The Russian museum “State Hermitage Museum”, another one of the world’s top four museums, also joined the hot trend of NFTs in 2021.
The “State Hermitage Museum” auctioned off several of its most significant artworks on the Binance NFT marketplace, including Leonardo da Vinci’s “Madonna Litta”, Vincent van Gogh’s “Judith and Lilac Bush”, Wassily Kandinsky’s “Composition VI”, and Claude Monet’s “A Corner of the Garden at Montgeron”.
Not only top museums, but also the world-renowned art museum “Uffizi Gallery” in Italy has sold its collection of paintings as NFTs. For example, Michelangelo’s “Doni Tondo” was sold as an NFT for 170,000 USD.
In addition, many other artworks have been tokenized as NFTs and sold on the blockchain. This trend indicates that NFTs have become an emerging art market, providing a new trading platform for artists and collectors.
Overseas museums also issue digital collections, just like domestic ones.
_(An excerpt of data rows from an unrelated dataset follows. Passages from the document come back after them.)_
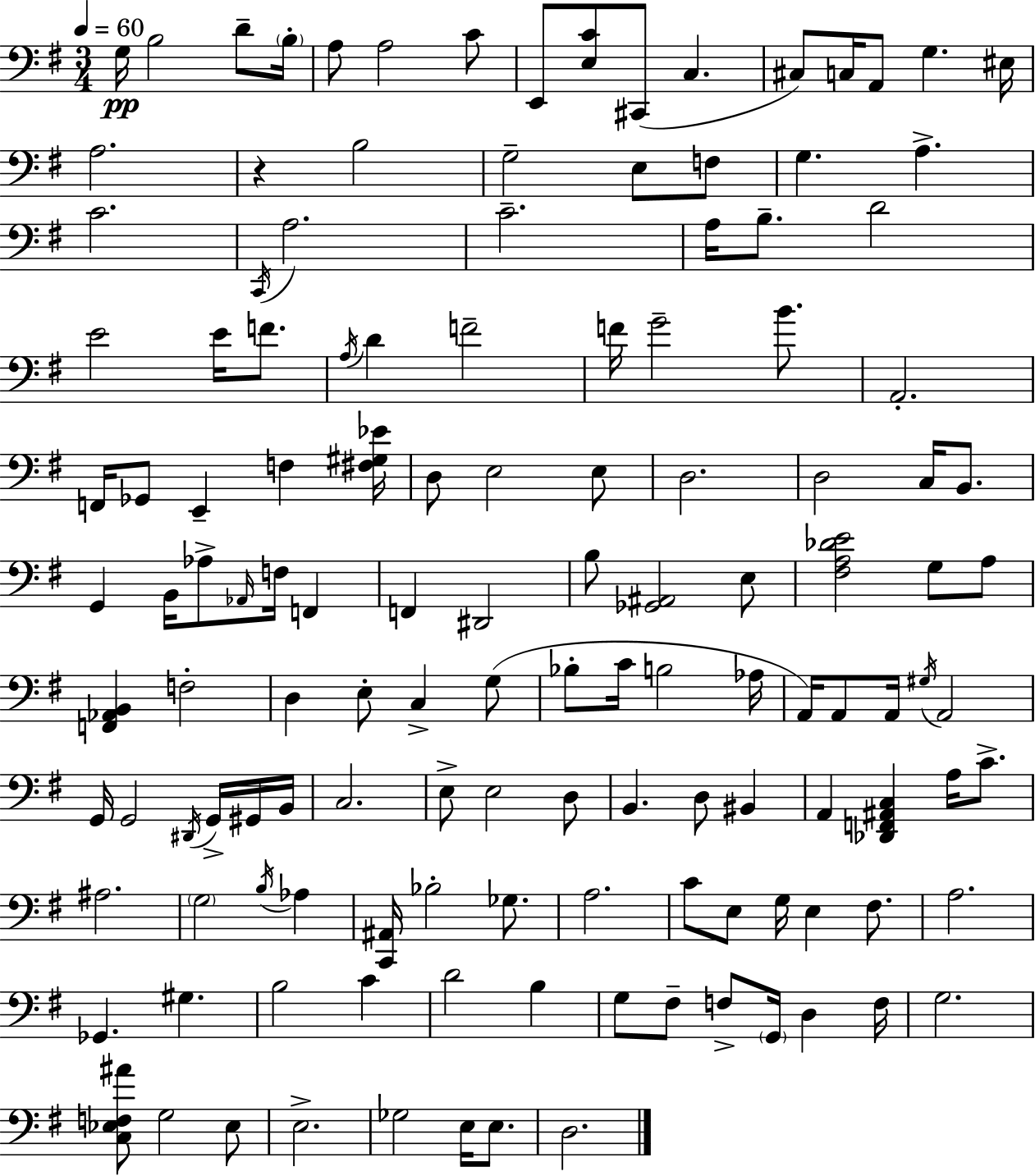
X:1
T:Untitled
M:3/4
L:1/4
K:Em
G,/4 B,2 D/2 B,/4 A,/2 A,2 C/2 E,,/2 [E,C]/2 ^C,,/2 C, ^C,/2 C,/4 A,,/2 G, ^E,/4 A,2 z B,2 G,2 E,/2 F,/2 G, A, C2 C,,/4 A,2 C2 A,/4 B,/2 D2 E2 E/4 F/2 A,/4 D F2 F/4 G2 B/2 A,,2 F,,/4 _G,,/2 E,, F, [^F,^G,_E]/4 D,/2 E,2 E,/2 D,2 D,2 C,/4 B,,/2 G,, B,,/4 _A,/2 _A,,/4 F,/4 F,, F,, ^D,,2 B,/2 [_G,,^A,,]2 E,/2 [^F,A,_DE]2 G,/2 A,/2 [F,,_A,,B,,] F,2 D, E,/2 C, G,/2 _B,/2 C/4 B,2 _A,/4 A,,/4 A,,/2 A,,/4 ^G,/4 A,,2 G,,/4 G,,2 ^D,,/4 G,,/4 ^G,,/4 B,,/4 C,2 E,/2 E,2 D,/2 B,, D,/2 ^B,, A,, [_D,,F,,^A,,C,] A,/4 C/2 ^A,2 G,2 B,/4 _A, [C,,^A,,]/4 _B,2 _G,/2 A,2 C/2 E,/2 G,/4 E, ^F,/2 A,2 _G,, ^G, B,2 C D2 B, G,/2 ^F,/2 F,/2 G,,/4 D, F,/4 G,2 [C,_E,F,^A]/2 G,2 _E,/2 E,2 _G,2 E,/4 E,/2 D,2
The “Boston Museum of Fine Arts” and the “National Gallery of Art” in the United Kingdom have collaborated with “Fantasy Core” to launch digital collections of Van Gogh and Monet. Once launched, they were immediately sold out. However, now that “Fantasy Core” has exited the market, most users have applied for refunds for these exquisite collections.
It is undeniable that regional restrictions and travel costs are common problems faced by offline museums. NFT digital collections can not only help museums raise more funding subsidies but also help them reach more audiences. Otherwise, some ordinary people may never have the opportunity to personally visit offline museums and have close contact with these artworks.
Digital collections can bring many benefits to museums, including raising more funds, reaching more audiences, and solving copyright issues. Although the market for NFT digital collections is still relatively small at present, over time, they will become an important part of museums and the art world.
Users who obtain digital collections will undoubtedly have a strong interest in the collections and the museums. Visiting museums and taking photos with digital and physical collections have become interesting and worth-sharing experiences.